Я еще рассчитывал на относительно долгую борьбу. Без содрогания отчетливо представлял, что будет с нами, когда закончится запас воды. Я стану добывать ее из рыб, которых надеялся ловить и впредь. Из килограмма свежих рыб можно было выжать стакан мутной и невкусной жидкости, но эта жидкость была пресной и могла продлить жизнь еще на несколько дней. Несчастная кошка не могла рассчитывать на свою долю рыбьего сока. В моих планах выживания гепард становился резервуаром с несколькими литрами крови, которую мы с Никой должны будем выпить, когда смерть уже станет взбираться на шлюпку. Потом – обезвоживание, галлюцинации, попытка пить морскую воду и полный отказ почек. Потом – погружение в смерть, похожую на коктейль из снов, воспоминаний, бреда и пустоты. Собственно, ничего страшного, все по законам бытия. А когда по законам – то это норма.
И, даже настроившись на неизбежность смерти, я думал о ней как о событии, которое наступит потом – завтра, послезавтра, но не сейчас. И потому ужас сковал мою волю и разум, когда наутро я взялся за весла и вдруг понял, что больше не смогу грести. Я до боли стискивал зубы, кричал, пытаясь превозмочь себя, но все мои попытки сдвинуть шлюпку с места оказались тщетны. Это казалось странным, парадоксальным, невозможным – я еще жил, но уже не мог делать ту физическую работу, которая еще вчера была мне по силам. Жизнь, оказывается, не всегда уходит из человека по каплям. Из меня она лилась, как кровь из пробитой артерии.
Я лег на дно шлюпки и заплакал сухими слезами.
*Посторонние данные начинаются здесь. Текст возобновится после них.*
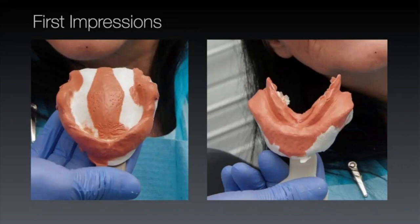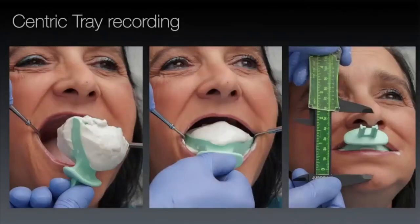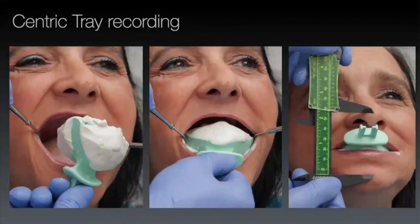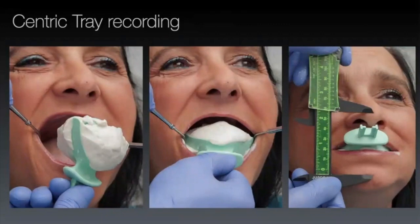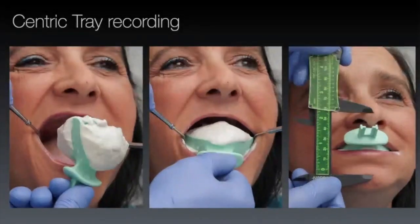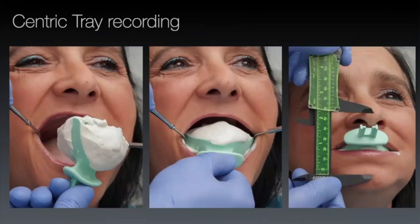We syringe a lighter-bodied alginate into the harder-to-reach areas, then pick that up with a heavier-bodied material. It works beautifully — you don't miss anything. It's something I've been doing for years and it doesn't really take any extra time, maybe 30 seconds, but it ensures you're capturing everything you need on those impressions.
Ника, приоткрыв глаза, с безразличием посмотрела на меня, потянулась к бочонку с водой, открыла краник, но тот смог родить лишь каплю.
– Как быстро, – прошептал я, подползая на корточках к бочонку и наклоняя его.
Я нацедил всего одну кружку и осторожно отдал ее Нике. Она отпила треть и вернула кружку мне.
– Не хочу, – пробормотал я.
Конец приходит лавиной. Все позиции, на которых строится жизнь, обнуляются почти одновременно. Я занимался рыбной ловлей весь день, но на крючок не попалась ни одна рыбешка. Тогда я попытался ловить мальков, которые кишели вокруг шлюпки, зачерпывая воду ведром, но едва я опускал его в воду, как рыбки разлетались в стороны с такой скоростью, словно были осколками взорвавшейся гранаты.
Когда мне надоело это занятие, я надел ведро на голову, словно цилиндр, сел на корму, свесив ноги, и уставился в воду.
Так прошло несколько часов. Ветер крепчал, поднимая волны. Солнце отвесно падало за море. Обожженные руки и шея горели огнем, словно я ошпарился крутым кипятком. Но боль, как ни странно, была мне приятна. Это было единственное проявление жизни, которое я получал бесплатно и в неограниченном количестве.